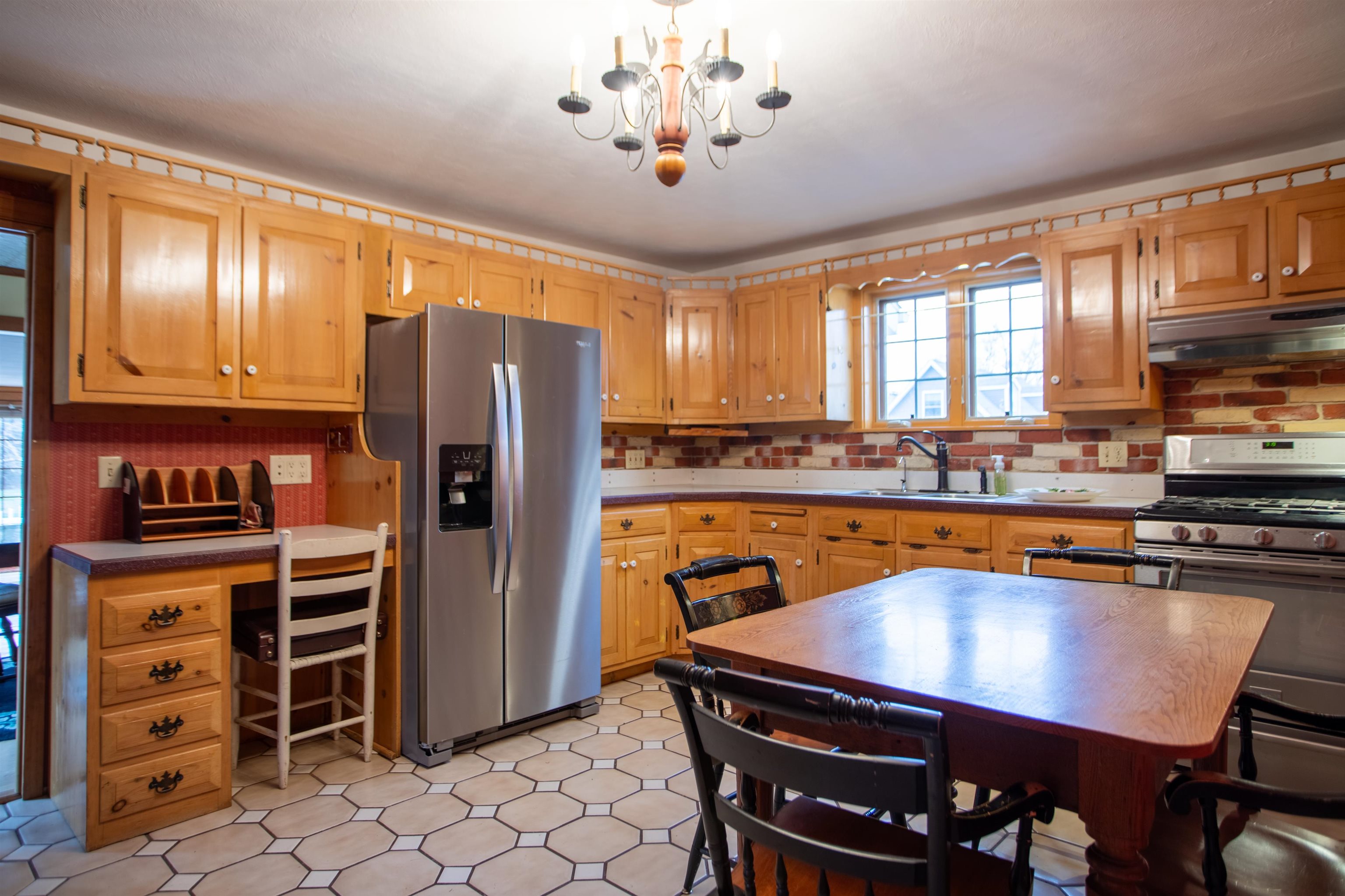 10 Acre Street Epping, NH 03042 - Photo 3 of 25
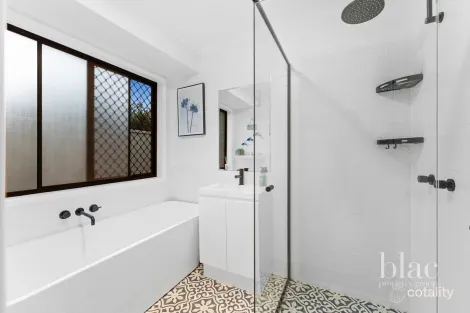 Property photo of 12 Blaxland Place Narangba QLD 4504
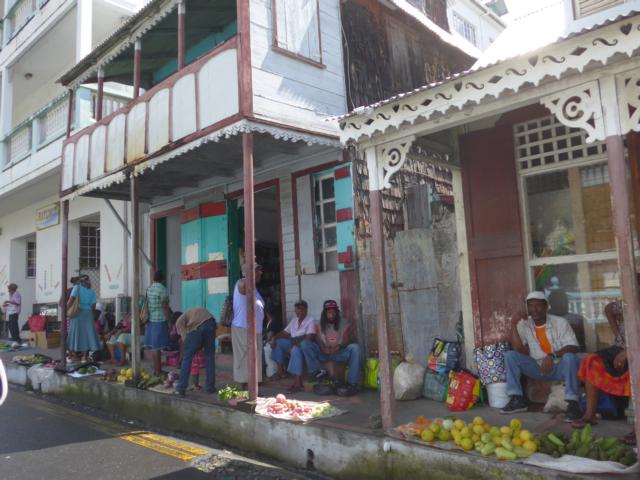 150124-C07 Dorflaben in Soufriere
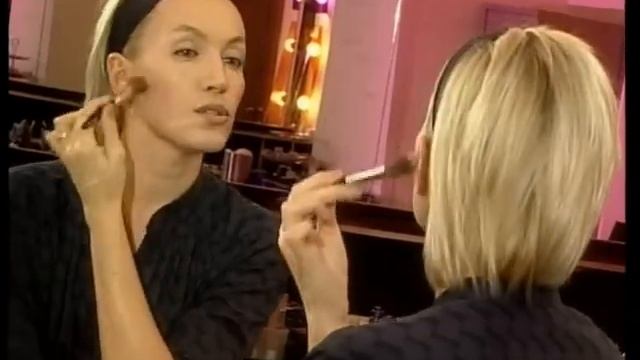 КАК НАНОСИТЬ РУМЯНА. Наталья Власова. MosmakeRu смотреть онлайн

Instructions for the task:
Without the pictures, output the full listing exactly as it stands.

Answer section:
 10 Acre Street Epping, NH 03042 - Photo 3 of 25
 Property photo of 12 Blaxland Place Narangba QLD 4504
 150124-C07 Dorflaben in Soufriere
 КАК НАНОСИТЬ РУМЯНА. Наталья Власова. MosmakeRu смотреть онлайн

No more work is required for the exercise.